Betrachten wir das letzte Jahrzehnt, dann sehen wir: Die Anzahl der Alters-Rentenbezieher ist von 2013 bis 2022 nicht so stark gestiegen wie die Anzahl der sozialversicherungspflichtig Beschäftigten. Dadurch hat sich das Verhältnis von Arbeitnehmerinnen zu Rentenbeziehenden sogar zugunsten der Arbeitenden verbessert, vom Quotienten 1,67 auf 1,85 (während damals, 2013, nur 1,6 Arbeitende auf einen Alters-Rentner kamen, sind es inzwischen schon wieder 1,85 Arbeitende).

Entwicklung der Anzahl von Rentenbezieher- und Arbeitnehmer-innen
 20132022
Sozialversicherungspfilichtige Beschäftigte29,6 Mio34,44 Mio
Altersrenten17,7 Mio18,6 Mio
Quotient (Beitragszahler pro Rentner)1,671,85

Dass die demographische Entwicklung im Übrigen ohnehin kein zwingender Grund für Minirenten ist, zeigen auch einige Nachbarländer, die eine ähnliche demographische Entwicklung haben, jedoch deutlich höhere Renten.

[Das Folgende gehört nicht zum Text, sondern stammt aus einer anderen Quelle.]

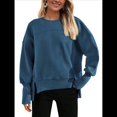 thumbnail image 2 of Sudadera Informal de Cuello Redondo para Mujer, -Otoño 2025, Larga, Abertura Lateral, Sudadera para Hacer Ejercicio. Azul Oscuro L, 2 of 9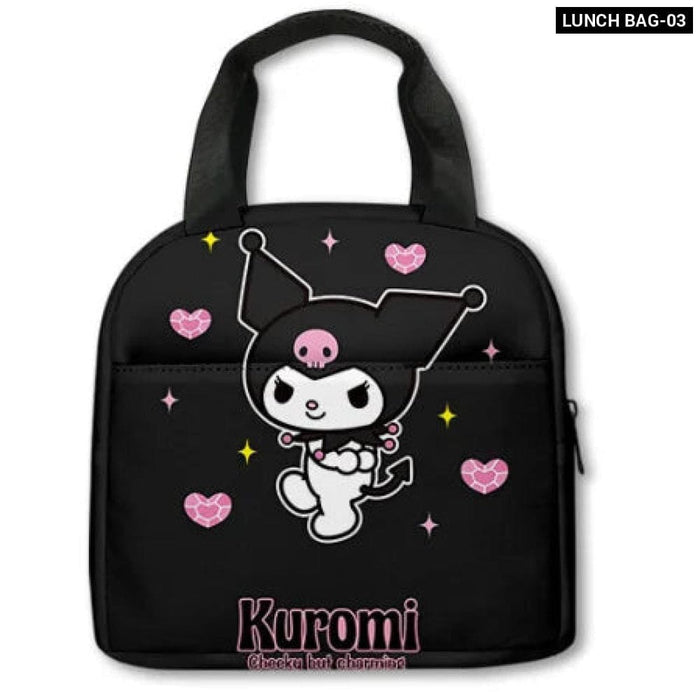 Kawaii Sanrio Kuromi Backpack Set For Students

Mythos 5: Renten müssen durch immer mehr Steuern aufgestockt werden

STEUER-ZUSCHUSS EXPLODIERT! Der Bund musste 106 Milliarden Euro aus dem Haushalt zuschießen

Um zu begründen, dass die Renten bald nicht mehr zu finanzieren seien, wird gerne auf den steigenden Steuerzuschuss verwiesen. Dieser ist in der Tat gestiegen und wird, wenn sich nichts ändert, auch weiterhin steigen. Soweit also richtig. Die Dramatisierung dieser Entwicklung ist aber unberechtigt, wie ein Politiker des BSW kürzlich gezeigt hat. Seine Argumentation:

Die Kosten für die Renten (Ausgaben der gesetzlichen Rentenversicherung) lagen 2009 bei 10,1% des Bruttoinlandproduktes; 2022 jedoch nur noch bei 9,3%. Der Grund dafür: Die Ausgaben für Renten sind zwar gestiegen, aber weniger stark als das BIP, das in der gleichen Zeit von knapp 2,5 Billionen Euro auf nahezu 3,9 Billionen Euro gewachsen ist.
Das Gleiche gälte für die Bundeszuschüsse zur Rente. Im Jahr 2009 betrugen sie fast 80 Milliarden Euro, im Jahr 2022 aber knapp 109 Milliarden Euro. Ja, das ist ein Anstieg in nominellen Zahlen. Betrachtet man aber den Anteil des BIPs, der dafür aufgewendet werden musste, so ist auch dieser gesunken: von 3,3 auf 2,8%. Wir müssen also einen immer kleineren Anteil unseres gesellschaftlichen Reichtums für die Renten aufbringen. Die Rentenlast wird objektiv geringer.

Verhältnis Renten / BIP:
 20092022
Steuerzuschüsse für Renten80 Mrd.109 Mrd.
Steuerzuschüsse als Anteil am BIP3,3%2,8%
Gesamtausgaben Renten in % des BIP10,1%9,3%
Entwicklung BIP2,5 Bill.3,9 Bill.

Diese Zahlen zeigen demnach, dass heute im Vergleich zu früher deutlich mehr Spielraum besteht für die Finanzierung einer armutsfesten Rente.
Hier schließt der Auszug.